Is the Tax Code unfair to hedge fund investors?

Much of the election-year criticism of hedge funds misses the point when it focuses on the claim that hedge fund operators get unfair tax breaks, experts say.There is abuse in the current Tax Code when it comes to hedge funds, but it affects the investors, according to Alan Dlugash, a tax partner at New York-based CPA and business advisory firm Marks Paneth & Shron. They’re often subjected to taxes that wipe out nearly all — or more than all — of the income that they made from the fund, he observed.

“Hedge funds are not really tax-advantaged, they’re tax-disadvantaged,” he said. “Interestingly, investors, and even hedge fund operators, are generally unaware of this abusive dimension of the current Tax Code — at least until they take a close look at their tax return.”

The reason for the excessive taxes that many hedge fund investors must pay is the fact that the Tax Code doesn’t allow them to directly deduct fees or other operating expenses incurred in many hedge fund investments. The code requires that those expenses be claimed only as miscellaneous deductions, and those deductions can’t be used unless and until they reach 2 percent of the taxpayer’s entire income. And even if it gets over this hurdle, the Alternative Minimum Tax usually wipes out any remaining benefit.

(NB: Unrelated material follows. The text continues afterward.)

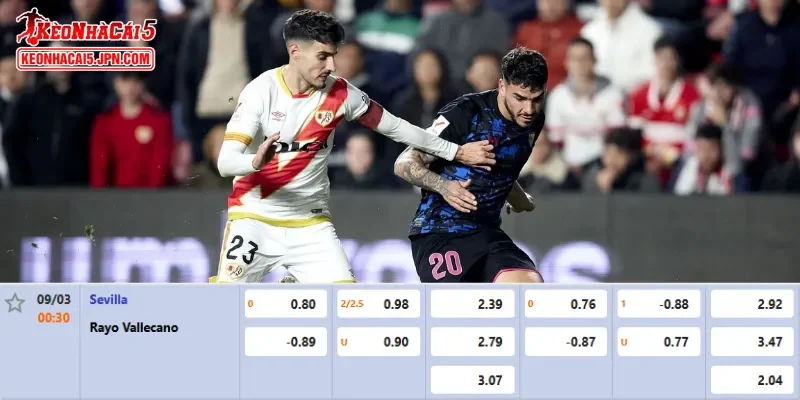 Tỷ lệ kèo chi tiết của của trận Sevilla vs Rayo Vallecano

Accordingly, most taxpayers don’t get to benefit from those miscellaneous deductions.

“If you have an account with Merrill Lynch and they charge you an investment management fee, you would think that it’s deductible and will save you some tax, but because of the type of deduction, it is not likely,” Dlugash explained.

“Congress changed the law 20 years ago, and as a result, the vast majority of investors will not get the deduction,” he said. “If you make $100,000, the first $2,000 doesn’t count, and on top of that it’s not deductible for AMT purposes.”

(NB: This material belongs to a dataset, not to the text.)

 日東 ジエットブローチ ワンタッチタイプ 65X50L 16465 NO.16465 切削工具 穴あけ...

Many believe that the code is unfair in this way.

“The code severely limits the ability of hedge fund investors to deduct expenses that are necessary to earn income — investment fees and expenses, accountants’ fees, and legal fees, for example,” Dlugash said.

The concept of deducting expenses incurred to earn income actually represents the most important tax deduction to make the code fair and equitable. “It shouldn’t be treated as a loophole-type of deduction subject to limitations and the AMT,” he said.

“From a purist’s point of view, what should be taxed is income less the expenses incurred to earn that income. Mortgage interest, charitable contributions, real property tax and all the rest are all important and politically loved, but there’s no logical reason they’re in the code other than political and social engineering,” said Dlugash. “They have nothing to do with a fair tax system, which deducts the cost of earning income against the income. The whole concept of miscellaneous itemized deductions has made second-class citizens of a class of investors — people who end up paying tax on income they never get.”

BACK AT THE FUND ...

Of course, hedge funds can be structured in a multitude of ways that take into consideration different tax consequences, noted Selva Ozelli, a New York-based international tax attorney and CPA.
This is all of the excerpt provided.